MapD database extends GPU power to AWS, Google Cloud

Version 2 has faster queries and a new web-based visualization tool, with plans to spread to Microsoft Azure too

MapD database extends GPU power to AWS, Google Cloud

MapD, creator of a GPU-powered database system that it claims is “anywhere from 75 to 3,500 times faster than traditional CPU-bound databases,” has released a new version, with a web-powered analytics front end and editions for several major cloud environments.

Version 2.0's collection of features reads like a roster for what will likely become default for next-generation databases: GPU-accelerated analytics; interactive data that requires nothing more than a browser to work with; and an edition that takes advantage of GPUs available at scale in the cloud.

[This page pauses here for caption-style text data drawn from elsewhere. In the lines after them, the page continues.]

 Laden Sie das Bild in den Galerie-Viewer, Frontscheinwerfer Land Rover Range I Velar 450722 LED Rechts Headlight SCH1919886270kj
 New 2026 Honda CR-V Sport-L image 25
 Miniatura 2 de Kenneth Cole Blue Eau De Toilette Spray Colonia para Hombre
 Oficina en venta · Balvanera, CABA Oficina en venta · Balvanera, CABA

Faster on the inside, faster on the outside

The first version of MapD demonstrated that GPUs could be used to accelerate database queries—not only by using GPU-based algorithms for number-crunching, like many popular machine learning frameworks. Instead, it uses the memory of up to eight GPU cards on a server as a fast and highly localized data cache, and it compiles the queries to native machine code to run at top speed on CPUs and GPUs alike.

MapD claims the latest version expands on the original idea by adding better-performing versions of common SQL statements, such as faster GROUP BY statements and more performant full-text search, as well as by improving data connectivity functions like JDBC or integration with Hadoop.

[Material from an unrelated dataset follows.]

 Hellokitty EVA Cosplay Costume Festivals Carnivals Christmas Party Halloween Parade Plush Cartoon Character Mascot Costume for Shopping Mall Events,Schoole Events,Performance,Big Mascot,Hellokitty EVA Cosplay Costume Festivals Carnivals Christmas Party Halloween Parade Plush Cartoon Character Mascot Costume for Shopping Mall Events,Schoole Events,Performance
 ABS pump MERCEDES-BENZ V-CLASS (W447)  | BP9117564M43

Another feature, MapD Immerse, is a web-based data visualization tool in the same vein as Tableau or Qlik Sense. Nothing will prevent MapD data exploration through third-party tools such as an ODBC connector or Apache Thrift; in fact, the company lists that as a selling point. However, MapD claims Immerse stands apart from third-party solutions because it’s built to take advantage of MapD’s parallelism.

“We can give the user concurrent, multidimensional views into their data because of the high speed available to us via the GPU,” MapD said. This allows “for maximum emphasis on instant data exploration, without the need to tiptoe around computing resources.” (One example: a live exploration of New York City taxi ride data.)

MapD is also pushing the web-based nature of Immerse as a boon for developers, since they can use the product’s existing JavaScript APIs to develop their own web-based charting and dashboarding tools, as opposed to relying on a third-party visualization solution.

Faster up there, too

MapD has also expanded how its product is deployed. The previous release was available as on-prem software or a hardware appliance and through Softlayer’s (now IBM’s) bare-metal cloud, whereas Version 2.0 is also available through Amazon Web Services and Google Cloud. MapD’s team says plans are in the works to expand to Azure as well.

Running MapD on any of those services would have been possible, but nowhere nearly as effective, without their respective GPU-enabled instances. AWS has had GPU-powered instances for some time now, but recently revamped them in a way that echoes Google’s newly unveiled GPU offerings. GPUs can be attached or detached from instances rather than be coupled exclusively to a given instance.

MapD is hardly alone in the GPU-powered database world; it has many cohorts and competitors, both open and closed source. What’s buoying them all is that GPU development continues to outpace (and stimulate) CPU development, and the biggest proving ground for GPU-powered applications will be a cloud that’s becoming more receptive to them. 

The risk MapD faces is in how well—and how quickly—the rest of the database world emulates its example and offers the same features to their customers.